Every line from the one holding "A burning candle in the form of a figurine." through the one holding "Op de afbeelding: Roze" in the data below must be returned exactly, both ends included, with pictures left out and nothing else added.

▶ **SUPPLIED MATERIAL**
[Start of section]
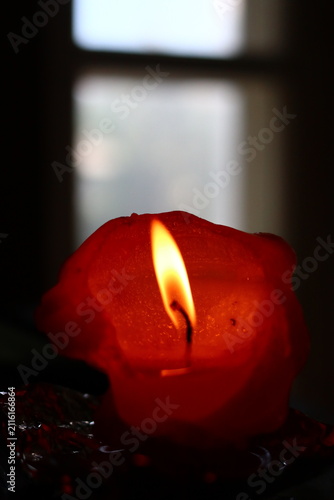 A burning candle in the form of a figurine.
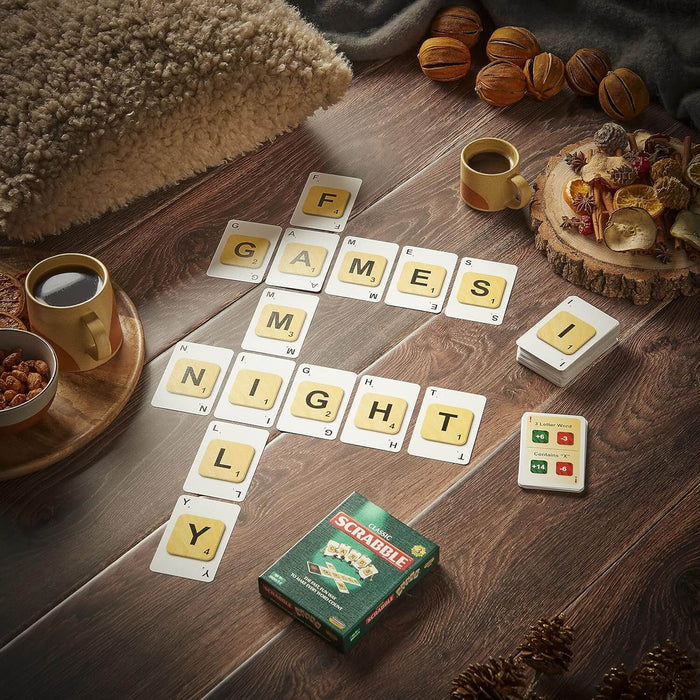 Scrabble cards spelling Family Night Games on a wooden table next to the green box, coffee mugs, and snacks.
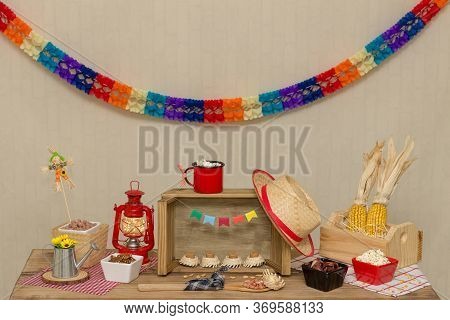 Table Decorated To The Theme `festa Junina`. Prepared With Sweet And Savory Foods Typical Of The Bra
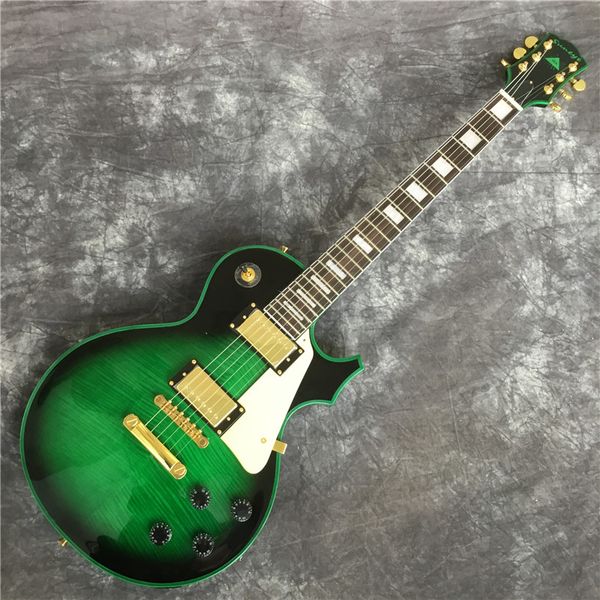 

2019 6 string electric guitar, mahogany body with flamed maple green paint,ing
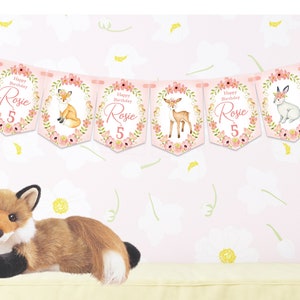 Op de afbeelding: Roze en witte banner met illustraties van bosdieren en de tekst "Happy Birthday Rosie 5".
[End of section]
[Start of section]
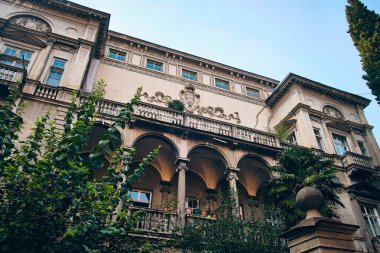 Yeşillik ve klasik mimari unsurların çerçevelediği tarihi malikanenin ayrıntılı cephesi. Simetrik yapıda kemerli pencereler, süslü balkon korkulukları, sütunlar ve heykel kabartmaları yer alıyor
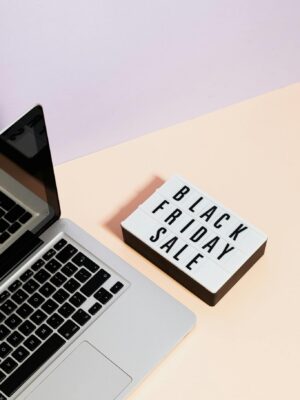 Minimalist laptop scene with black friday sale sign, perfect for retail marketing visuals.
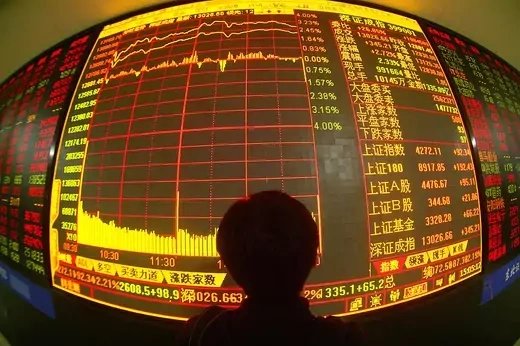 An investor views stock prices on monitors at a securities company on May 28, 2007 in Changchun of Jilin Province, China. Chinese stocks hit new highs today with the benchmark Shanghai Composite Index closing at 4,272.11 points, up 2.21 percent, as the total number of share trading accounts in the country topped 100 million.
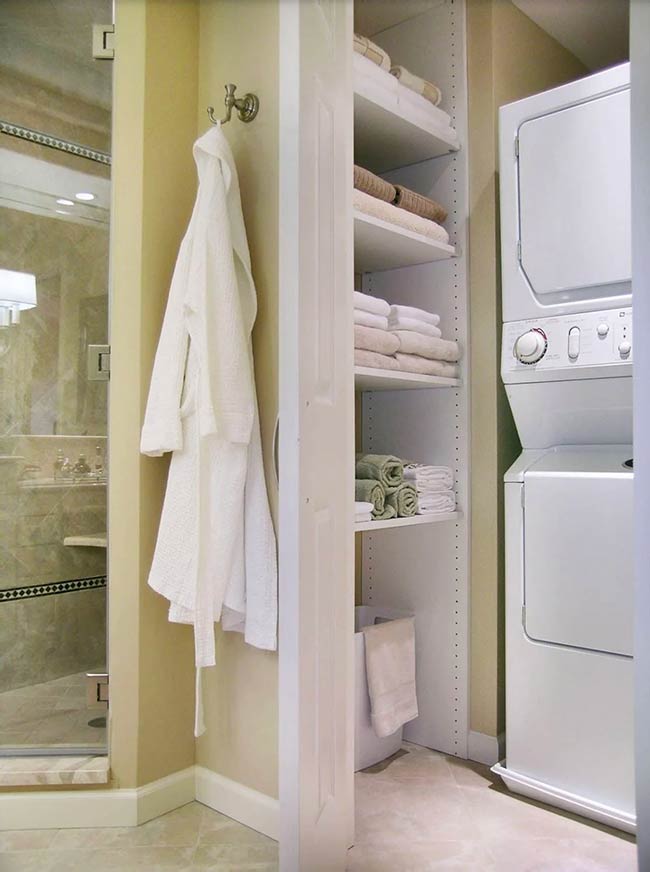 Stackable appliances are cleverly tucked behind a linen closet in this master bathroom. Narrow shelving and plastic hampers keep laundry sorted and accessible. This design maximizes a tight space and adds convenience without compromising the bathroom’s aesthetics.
[End of section]
[Start of section]
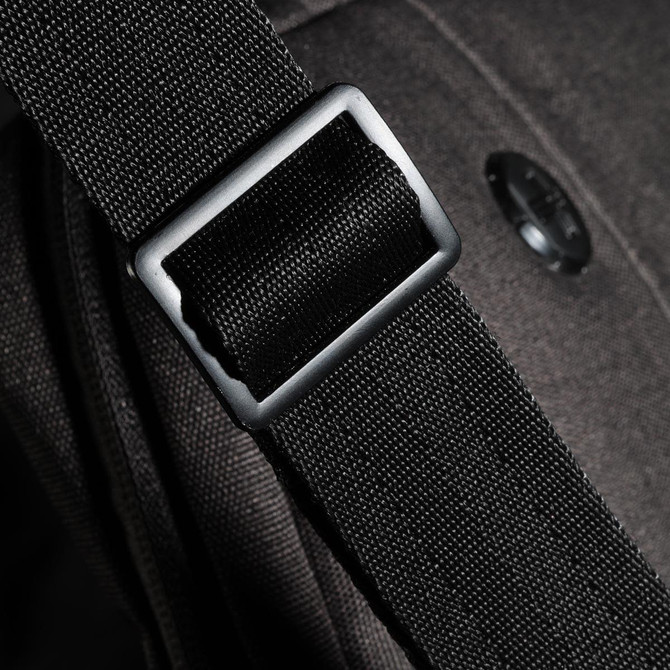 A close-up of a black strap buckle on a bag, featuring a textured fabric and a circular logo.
[End of section]
▶ **EXPECTED ANSWER**
 A burning candle in the form of a figurine.
 Scrabble cards spelling Family Night Games on a wooden table next to the green box, coffee mugs, and snacks.
 Table Decorated To The Theme `festa Junina`. Prepared With Sweet And Savory Foods Typical Of The Bra

2019 6 string electric guitar, mahogany body with flamed maple green paint,ing
 Op de afbeelding: Roze en witte banner met illustraties van bosdieren en de tekst "Happy Birthday Rosie 5".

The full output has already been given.